Hoy, separado de mi
pueblo por el tiempo, más no por la distancia, añoro sus casas de bahareque con
techo de palma, ventanas salientes y pintadas de blanco con su birrete rojo.
Las casas dormían acurrucaditas sobre
inclinados empedrados, tapizados por una verde alfombra natural que les daba un
aspecto señorial. Colocadas en hileras, sin rigor, se deslizaban las casitas
blancas desde la carrera veinte hasta el mercado público; quizás en busca del
río Magdalena, principal atractivo y cautivador de sus visitantes.
Al Norte, el vigilante "Cerro de la Cruz " ofrece el panorama
del pueblo. A su pie, el bosque "El Agüil, refugio sedentario, en su
juventud, de ardillas, micos, perezosos, morrocoyes, armadillos, guartinajas,
venados, pavas y gran variedad de pájaros, que con sus trinos, despertaban al
poblado. Su exuberante vegetación cerraba sus puertas y ventanas al sol;
el suelo permanecía humedecido por el caudal incesante del Caño de Pital y por
muchas otras fuentes que brotaban de todas partes, como mágicas serpientes.
De la calle del cartón o calle primera,
desde la entrada del Agüil, contábanse a cortos y largos pasos, otras casitas
hasta el sombrío portal. En este lugar poblado de algarrodos, altas ceibas y
caracolíes surcados de rabiguanos y chupachupa, los turpiales, los toches, los
canarios, los cardenales y los azulejos, entre otros, competían en canto con
las ensordecedoras cigarras, anunciando la Semana Santa.
Atravesando el portal, un angosto camino
salpicado de abrojos, conducía al inmaculado caño "El Cristo", que
haciendo su aparición en el noroeste, corría presuroso hacia el sur,
bordeando al pequeño pueblo.
En su corazón (calle 10 y 11), el Parque San
Roque y su exigua iglesia de tapia pisada, con una sola entrada y un bajo
campanario a su izquierda, que terminaba en una cruz; viejos y corpulento
árboles de mamoncillo, así como también, delgadas palmeras acariciadas por el
lomo de los asnos, apaciguaban el intenso calor del medio día. La casa cural,
la alcaldía, los juzgados y la cárcel municipal, lo acompañaban en su soledad.

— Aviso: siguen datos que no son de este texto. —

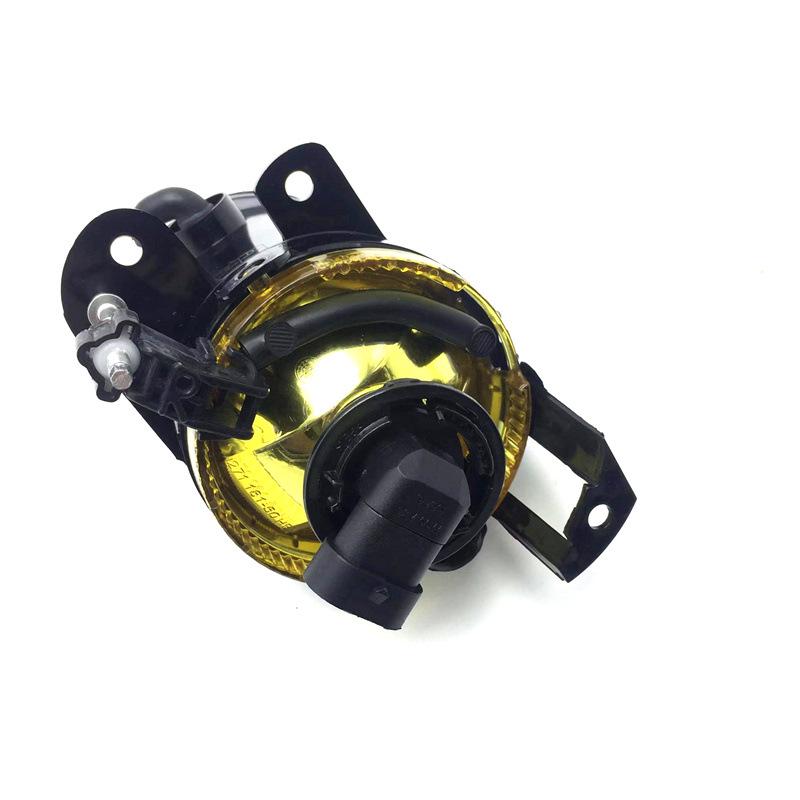 Compatible Fog Light Assembly for Old Magotan B6 Models (2007-2011) - Front Bumper and Headlight Replacement.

Un segundo parque nace entre las carreras 15 y
16; lo bautizan "San Antonio" y colocan ahí la estatua del Santo.
Cercado con una gruesa malla de alambre y sembrado de acacias y matarratones. A
lo largo de sus camellones no faltaron las bancas de cemento. El mayor
atractivo de los niños eran los columpios, el sube y baja, el resbalador, el
tomate, etc., por lo que se le denominó luego "Parque Infantil".
Cómo no recordar la calle de "Las
flores", cuyo nombre hace alusión a sus hermosas mujeres que allí vivían.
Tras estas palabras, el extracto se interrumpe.